DESCRIPTION OF THE TASK: Write out exactly, and only, the lines below from the line with "Sagitar 2017 180TSI" through the line with "A SELECTION OF"; pictures do not belong in the copy.

DATASET CONTENT:

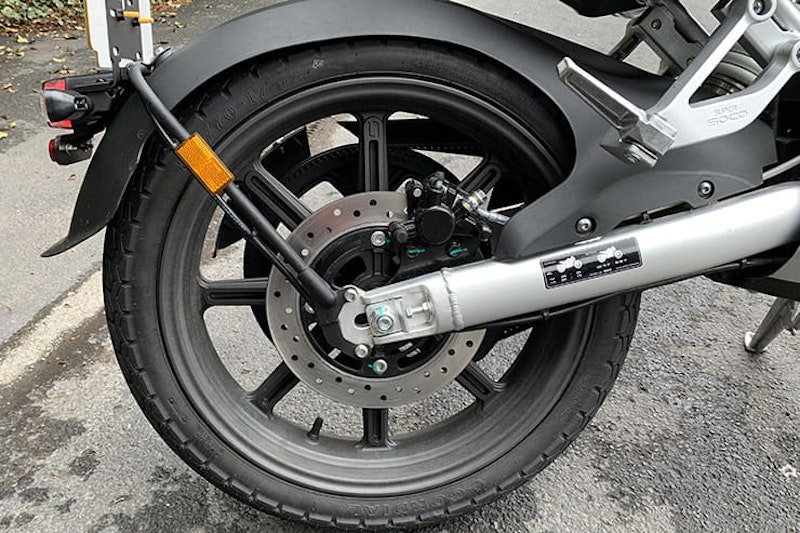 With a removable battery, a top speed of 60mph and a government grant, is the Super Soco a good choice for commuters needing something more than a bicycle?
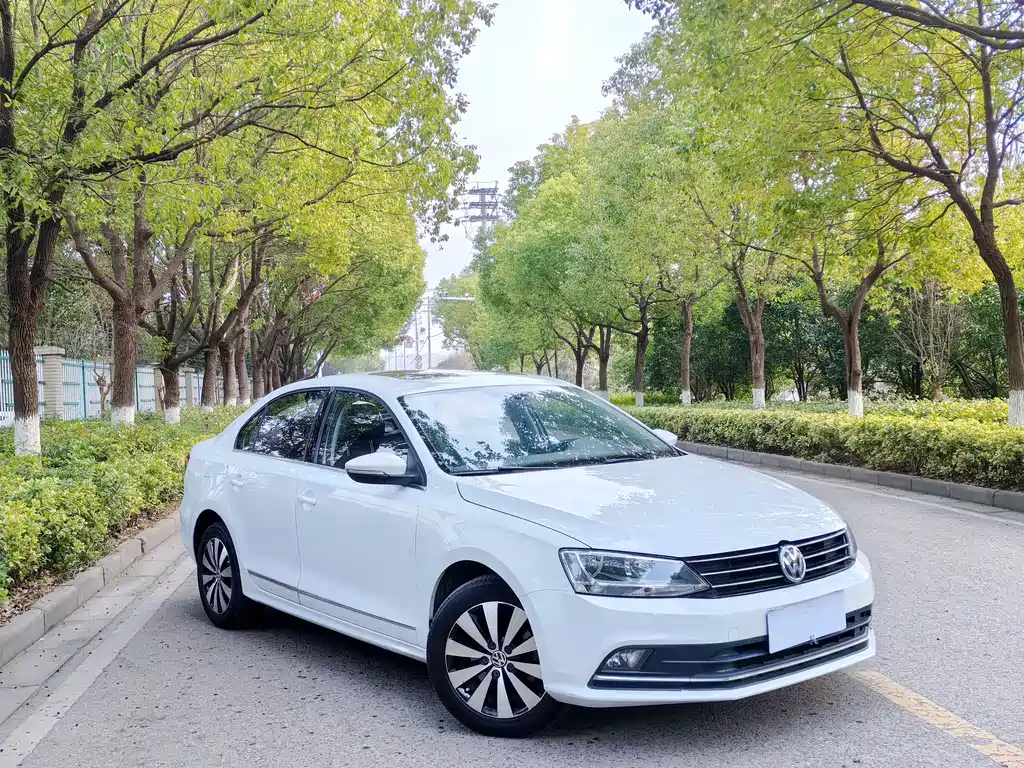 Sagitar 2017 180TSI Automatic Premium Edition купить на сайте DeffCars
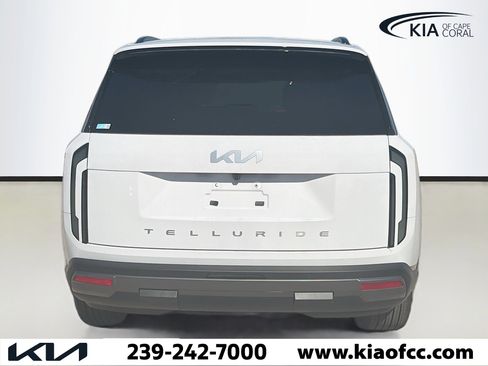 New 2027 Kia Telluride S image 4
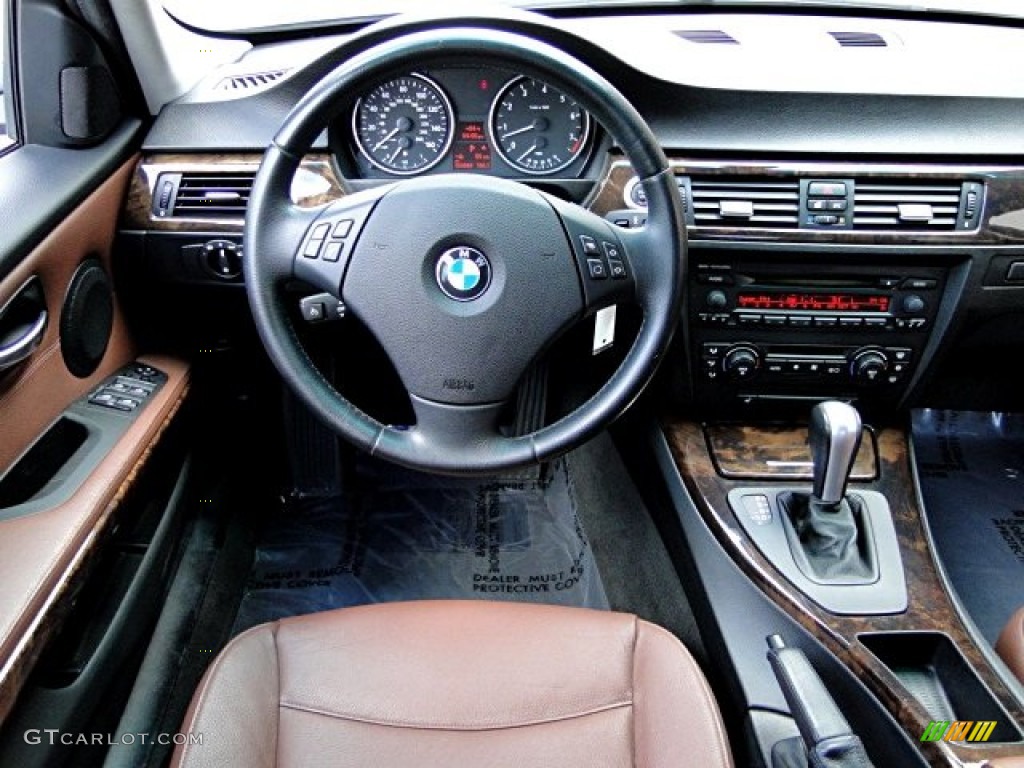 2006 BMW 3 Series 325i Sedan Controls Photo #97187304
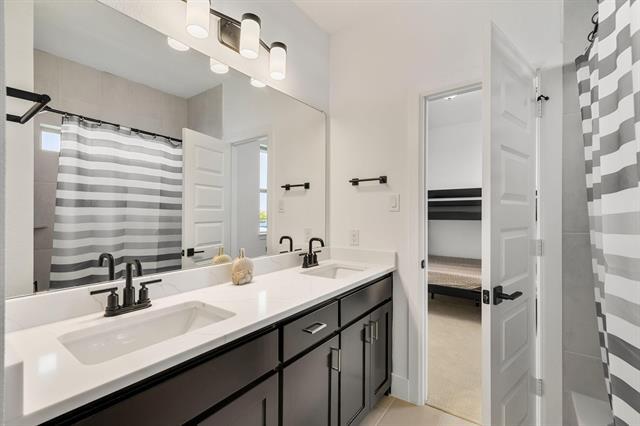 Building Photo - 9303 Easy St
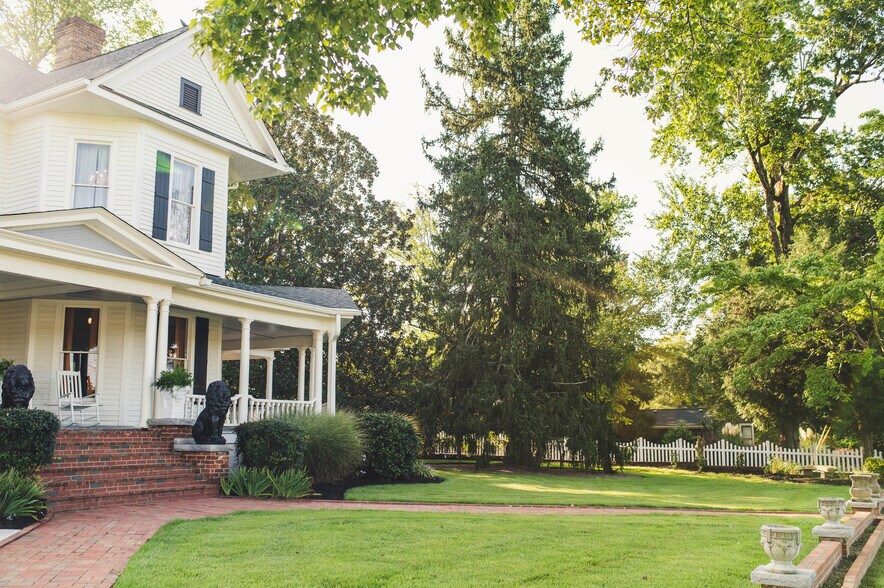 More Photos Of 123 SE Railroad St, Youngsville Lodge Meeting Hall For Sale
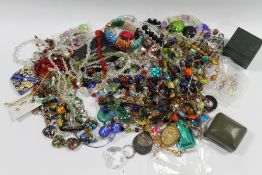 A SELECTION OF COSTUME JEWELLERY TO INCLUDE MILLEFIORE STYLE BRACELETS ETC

...

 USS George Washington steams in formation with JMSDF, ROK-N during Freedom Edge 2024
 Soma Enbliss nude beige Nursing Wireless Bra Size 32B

SOLUTION BELOW:
 Sagitar 2017 180TSI Automatic Premium Edition купить на сайте DeffCars
 New 2027 Kia Telluride S image 4
 2006 BMW 3 Series 325i Sedan Controls Photo #97187304
 Building Photo - 9303 Easy St
 More Photos Of 123 SE Railroad St, Youngsville Lodge Meeting Hall For Sale
 A SELECTION OF COSTUME JEWELLERY TO INCLUDE MILLEFIORE STYLE BRACELETS ETC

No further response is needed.